First find the line with "Flat para locação" in the entries below, then set down exactly every line through the line with "Artificial Tulips Flowers", that line included.

Material for the task Start Marker

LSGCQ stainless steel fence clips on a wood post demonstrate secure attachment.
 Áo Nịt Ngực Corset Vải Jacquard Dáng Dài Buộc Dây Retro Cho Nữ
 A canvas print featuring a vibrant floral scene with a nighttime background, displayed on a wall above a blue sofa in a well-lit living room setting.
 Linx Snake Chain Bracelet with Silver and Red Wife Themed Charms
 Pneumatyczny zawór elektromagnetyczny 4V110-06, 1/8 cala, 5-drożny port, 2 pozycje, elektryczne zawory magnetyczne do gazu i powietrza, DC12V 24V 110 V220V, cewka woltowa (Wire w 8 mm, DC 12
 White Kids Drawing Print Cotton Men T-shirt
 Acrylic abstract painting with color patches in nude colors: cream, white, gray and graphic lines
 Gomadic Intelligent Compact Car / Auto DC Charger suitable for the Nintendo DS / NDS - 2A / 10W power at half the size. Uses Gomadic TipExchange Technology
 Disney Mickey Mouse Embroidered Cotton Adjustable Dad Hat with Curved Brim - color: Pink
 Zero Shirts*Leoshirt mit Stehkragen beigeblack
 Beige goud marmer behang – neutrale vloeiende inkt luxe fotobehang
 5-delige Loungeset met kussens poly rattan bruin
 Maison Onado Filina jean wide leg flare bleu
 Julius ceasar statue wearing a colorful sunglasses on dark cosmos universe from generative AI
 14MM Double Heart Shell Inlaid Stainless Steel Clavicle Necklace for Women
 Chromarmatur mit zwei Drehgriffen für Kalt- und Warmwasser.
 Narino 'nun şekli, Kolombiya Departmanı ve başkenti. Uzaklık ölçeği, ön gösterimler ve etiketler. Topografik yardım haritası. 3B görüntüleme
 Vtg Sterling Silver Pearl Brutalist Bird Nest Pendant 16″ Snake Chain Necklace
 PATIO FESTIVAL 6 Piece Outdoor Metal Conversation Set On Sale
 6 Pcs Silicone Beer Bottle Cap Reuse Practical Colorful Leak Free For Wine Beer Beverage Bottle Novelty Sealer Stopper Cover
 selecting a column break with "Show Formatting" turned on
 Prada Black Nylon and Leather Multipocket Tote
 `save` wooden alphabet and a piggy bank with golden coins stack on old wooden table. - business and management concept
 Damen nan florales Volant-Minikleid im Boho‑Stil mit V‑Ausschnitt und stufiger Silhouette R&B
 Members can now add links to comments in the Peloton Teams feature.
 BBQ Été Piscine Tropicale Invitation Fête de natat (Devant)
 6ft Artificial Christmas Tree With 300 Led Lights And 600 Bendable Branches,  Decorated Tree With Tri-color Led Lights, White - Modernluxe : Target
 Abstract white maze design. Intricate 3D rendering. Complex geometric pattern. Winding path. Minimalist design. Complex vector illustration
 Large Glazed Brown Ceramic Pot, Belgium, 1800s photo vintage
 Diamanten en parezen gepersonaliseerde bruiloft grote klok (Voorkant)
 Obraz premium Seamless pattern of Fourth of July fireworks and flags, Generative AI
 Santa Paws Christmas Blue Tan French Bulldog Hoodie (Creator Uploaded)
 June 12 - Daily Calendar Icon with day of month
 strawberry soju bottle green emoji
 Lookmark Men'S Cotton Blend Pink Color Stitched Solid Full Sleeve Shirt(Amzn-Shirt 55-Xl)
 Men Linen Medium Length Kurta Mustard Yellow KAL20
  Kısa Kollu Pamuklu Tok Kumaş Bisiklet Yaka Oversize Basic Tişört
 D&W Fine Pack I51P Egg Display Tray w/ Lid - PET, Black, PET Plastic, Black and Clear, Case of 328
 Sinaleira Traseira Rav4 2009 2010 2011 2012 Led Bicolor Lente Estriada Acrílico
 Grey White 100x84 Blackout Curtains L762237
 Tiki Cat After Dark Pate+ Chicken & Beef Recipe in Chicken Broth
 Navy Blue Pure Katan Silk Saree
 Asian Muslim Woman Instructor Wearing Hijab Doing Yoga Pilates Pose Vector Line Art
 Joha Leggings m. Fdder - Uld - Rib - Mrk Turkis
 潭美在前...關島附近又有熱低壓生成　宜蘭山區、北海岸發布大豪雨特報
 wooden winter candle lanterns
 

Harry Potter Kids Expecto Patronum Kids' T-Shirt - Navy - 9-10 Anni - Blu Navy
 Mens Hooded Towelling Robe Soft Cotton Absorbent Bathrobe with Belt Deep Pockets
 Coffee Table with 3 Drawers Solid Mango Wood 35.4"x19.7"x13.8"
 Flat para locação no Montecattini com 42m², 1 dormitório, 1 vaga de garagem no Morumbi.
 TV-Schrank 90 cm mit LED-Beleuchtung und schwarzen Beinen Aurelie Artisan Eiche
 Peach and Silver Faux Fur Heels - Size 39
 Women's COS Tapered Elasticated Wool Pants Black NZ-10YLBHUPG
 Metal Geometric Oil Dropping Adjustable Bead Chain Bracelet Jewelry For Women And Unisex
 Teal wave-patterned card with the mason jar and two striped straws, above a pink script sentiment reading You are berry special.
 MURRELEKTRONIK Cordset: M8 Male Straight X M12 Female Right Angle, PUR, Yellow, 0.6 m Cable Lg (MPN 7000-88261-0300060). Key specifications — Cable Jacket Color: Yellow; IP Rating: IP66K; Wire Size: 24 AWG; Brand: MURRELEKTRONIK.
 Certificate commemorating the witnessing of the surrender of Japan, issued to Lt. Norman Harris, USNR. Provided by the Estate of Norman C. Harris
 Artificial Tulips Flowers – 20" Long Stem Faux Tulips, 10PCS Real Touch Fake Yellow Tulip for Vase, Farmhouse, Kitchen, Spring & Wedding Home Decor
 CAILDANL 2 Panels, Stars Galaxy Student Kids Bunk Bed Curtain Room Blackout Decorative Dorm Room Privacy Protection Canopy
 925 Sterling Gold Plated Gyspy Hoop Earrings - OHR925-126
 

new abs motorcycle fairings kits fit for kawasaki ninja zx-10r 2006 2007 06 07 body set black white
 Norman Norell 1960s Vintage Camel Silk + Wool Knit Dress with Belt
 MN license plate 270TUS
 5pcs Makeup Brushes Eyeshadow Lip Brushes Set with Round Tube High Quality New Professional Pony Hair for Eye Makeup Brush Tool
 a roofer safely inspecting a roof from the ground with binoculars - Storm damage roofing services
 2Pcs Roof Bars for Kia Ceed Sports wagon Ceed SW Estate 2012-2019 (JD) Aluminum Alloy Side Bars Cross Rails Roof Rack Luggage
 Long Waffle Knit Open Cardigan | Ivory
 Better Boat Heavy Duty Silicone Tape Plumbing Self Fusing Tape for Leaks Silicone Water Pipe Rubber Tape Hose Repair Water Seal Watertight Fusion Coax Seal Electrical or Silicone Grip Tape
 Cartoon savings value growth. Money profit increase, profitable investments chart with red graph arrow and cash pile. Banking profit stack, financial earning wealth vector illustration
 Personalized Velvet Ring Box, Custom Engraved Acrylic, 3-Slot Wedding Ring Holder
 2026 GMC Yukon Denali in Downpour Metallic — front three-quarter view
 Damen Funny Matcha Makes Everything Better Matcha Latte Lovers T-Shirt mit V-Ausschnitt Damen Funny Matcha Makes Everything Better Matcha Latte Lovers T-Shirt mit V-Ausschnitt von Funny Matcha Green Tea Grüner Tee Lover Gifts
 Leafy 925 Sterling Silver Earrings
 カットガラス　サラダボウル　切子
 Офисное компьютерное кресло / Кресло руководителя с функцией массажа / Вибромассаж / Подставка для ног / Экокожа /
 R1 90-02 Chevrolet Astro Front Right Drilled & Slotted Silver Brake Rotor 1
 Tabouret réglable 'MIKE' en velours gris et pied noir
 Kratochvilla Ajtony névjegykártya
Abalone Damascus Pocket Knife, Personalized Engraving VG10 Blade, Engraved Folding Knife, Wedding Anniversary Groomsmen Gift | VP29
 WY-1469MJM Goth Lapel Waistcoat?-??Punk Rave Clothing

Material for the task End Marker

**Expected output**.
 Flat para locação no Montecattini com 42m², 1 dormitório, 1 vaga de garagem no Morumbi.
 TV-Schrank 90 cm mit LED-Beleuchtung und schwarzen Beinen Aurelie Artisan Eiche
 Peach and Silver Faux Fur Heels - Size 39
 Women's COS Tapered Elasticated Wool Pants Black NZ-10YLBHUPG
 Metal Geometric Oil Dropping Adjustable Bead Chain Bracelet Jewelry For Women And Unisex
 Teal wave-patterned card with the mason jar and two striped straws, above a pink script sentiment reading You are berry special.
 MURRELEKTRONIK Cordset: M8 Male Straight X M12 Female Right Angle, PUR, Yellow, 0.6 m Cable Lg (MPN 7000-88261-0300060). Key specifications — Cable Jacket Color: Yellow; IP Rating: IP66K; Wire Size: 24 AWG; Brand: MURRELEKTRONIK.
 Certificate commemorating the witnessing of the surrender of Japan, issued to Lt. Norman Harris, USNR. Provided by the Estate of Norman C. Harris
 Artificial Tulips Flowers – 20" Long Stem Faux Tulips, 10PCS Real Touch Fake Yellow Tulip for Vase, Farmhouse, Kitchen, Spring & Wedding Home Decor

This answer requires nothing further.